» ACTION ITEM
Quote the data below in full, minus the images.

Stored dataset items:
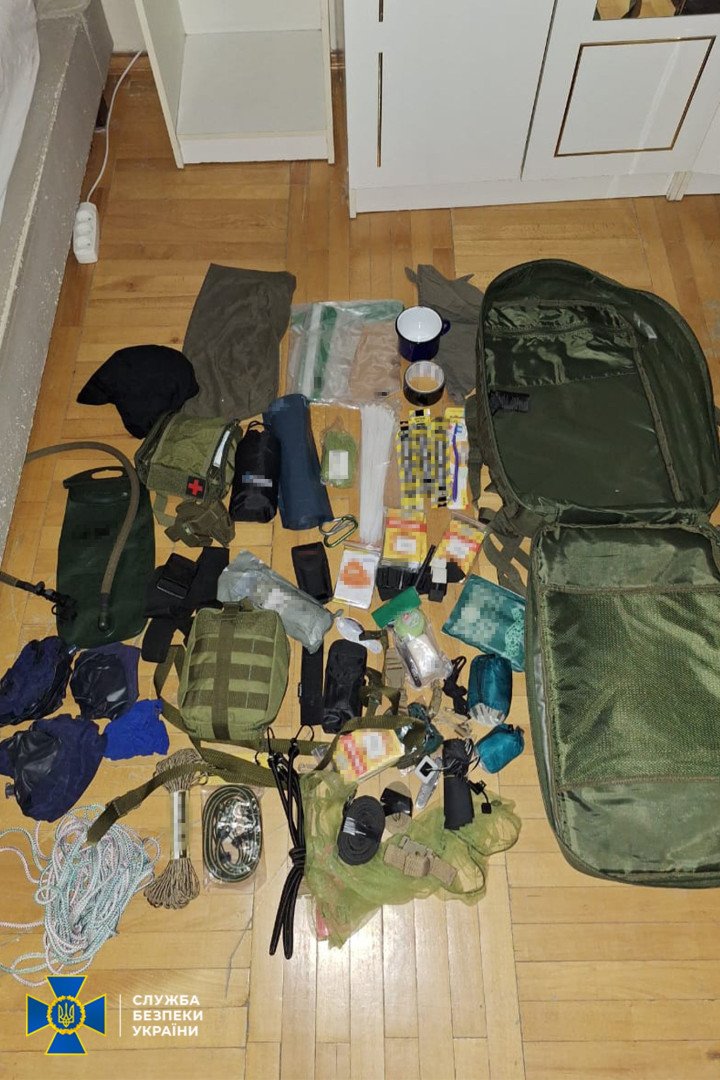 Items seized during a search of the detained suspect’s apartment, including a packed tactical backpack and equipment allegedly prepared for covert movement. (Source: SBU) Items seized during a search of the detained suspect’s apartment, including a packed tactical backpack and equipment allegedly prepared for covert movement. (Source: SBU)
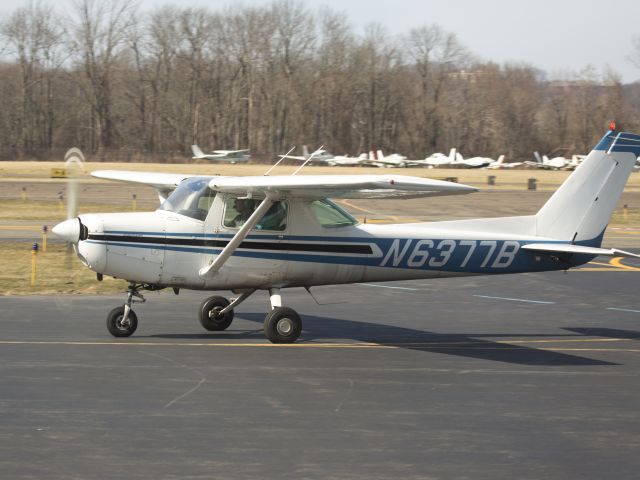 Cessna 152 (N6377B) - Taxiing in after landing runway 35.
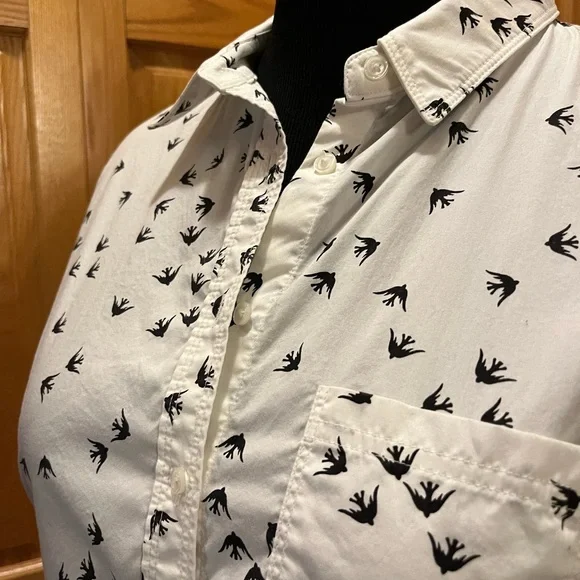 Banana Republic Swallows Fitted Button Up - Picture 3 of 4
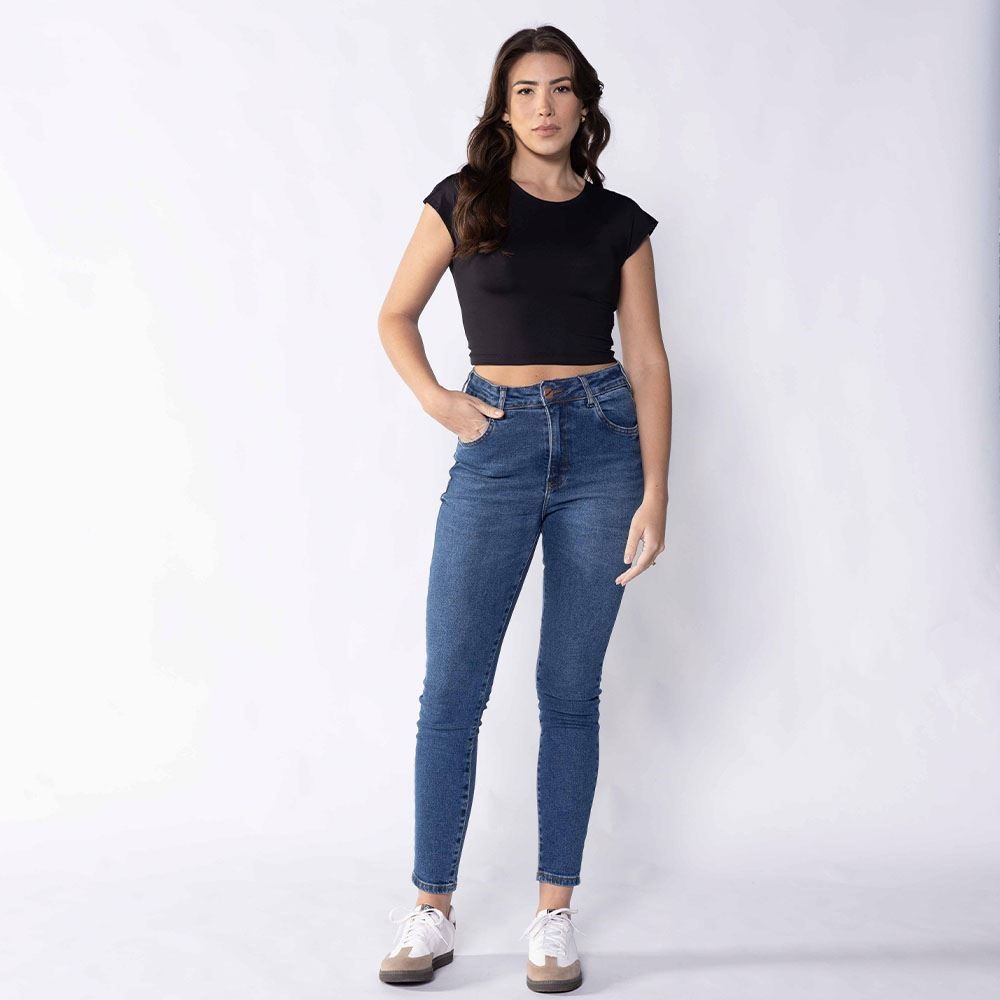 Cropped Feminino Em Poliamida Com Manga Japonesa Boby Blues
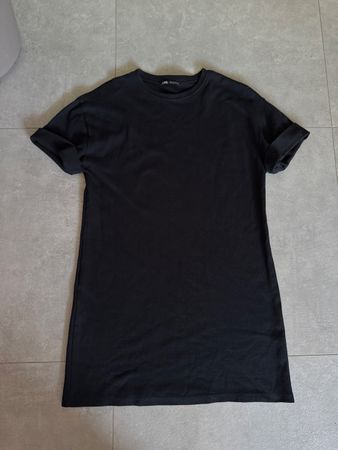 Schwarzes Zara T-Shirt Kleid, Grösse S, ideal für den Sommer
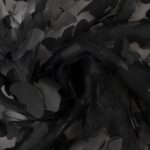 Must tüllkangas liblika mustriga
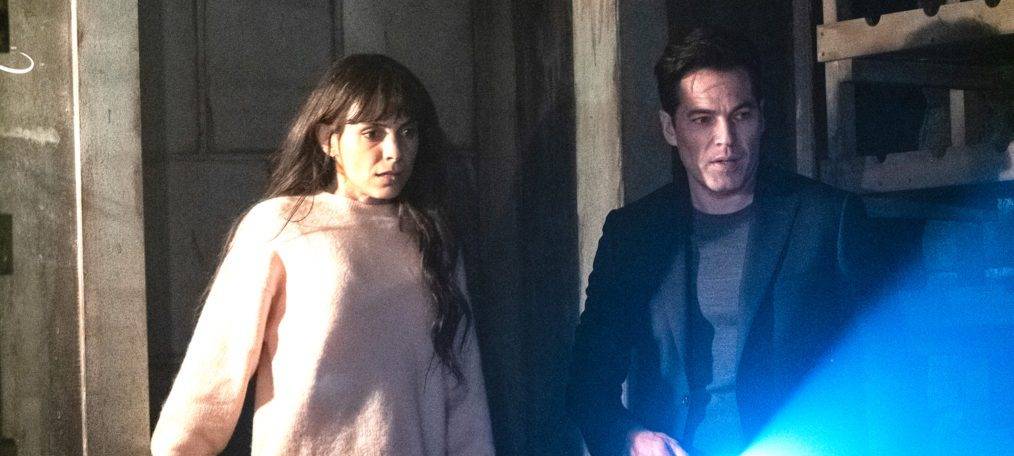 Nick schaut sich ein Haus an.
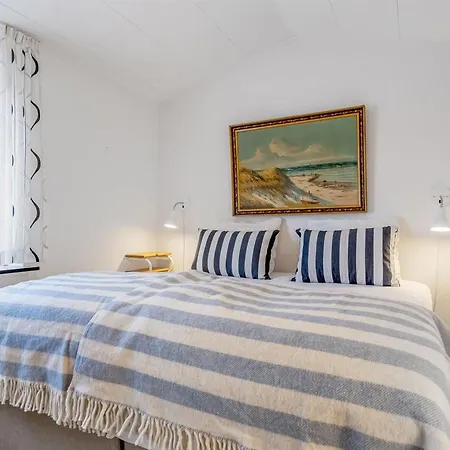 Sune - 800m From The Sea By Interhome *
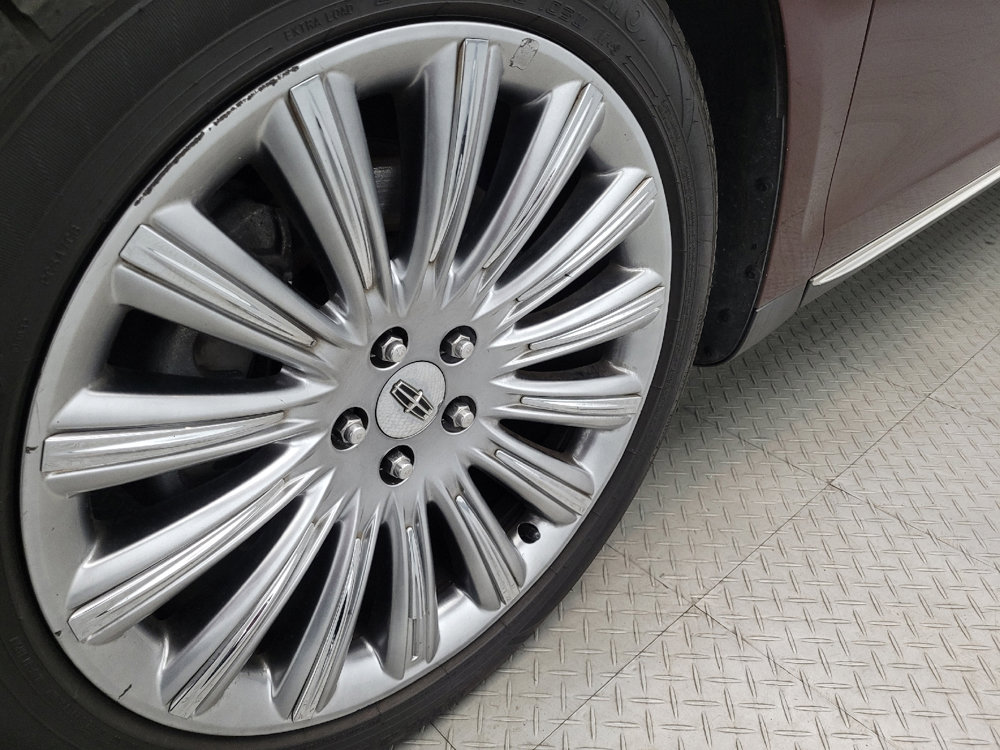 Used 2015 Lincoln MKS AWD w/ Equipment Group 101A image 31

» SOLUTION TO THE PROBLEM
 Items seized during a search of the detained suspect’s apartment, including a packed tactical backpack and equipment allegedly prepared for covert movement. (Source: SBU) Items seized during a search of the detained suspect’s apartment, including a packed tactical backpack and equipment allegedly prepared for covert movement. (Source: SBU)
 Cessna 152 (N6377B) - Taxiing in after landing runway 35.
 Banana Republic Swallows Fitted Button Up - Picture 3 of 4
 Cropped Feminino Em Poliamida Com Manga Japonesa Boby Blues
 Schwarzes Zara T-Shirt Kleid, Grösse S, ideal für den Sommer
 Must tüllkangas liblika mustriga
 Nick schaut sich ein Haus an.
 Sune - 800m From The Sea By Interhome *
 Used 2015 Lincoln MKS AWD w/ Equipment Group 101A image 31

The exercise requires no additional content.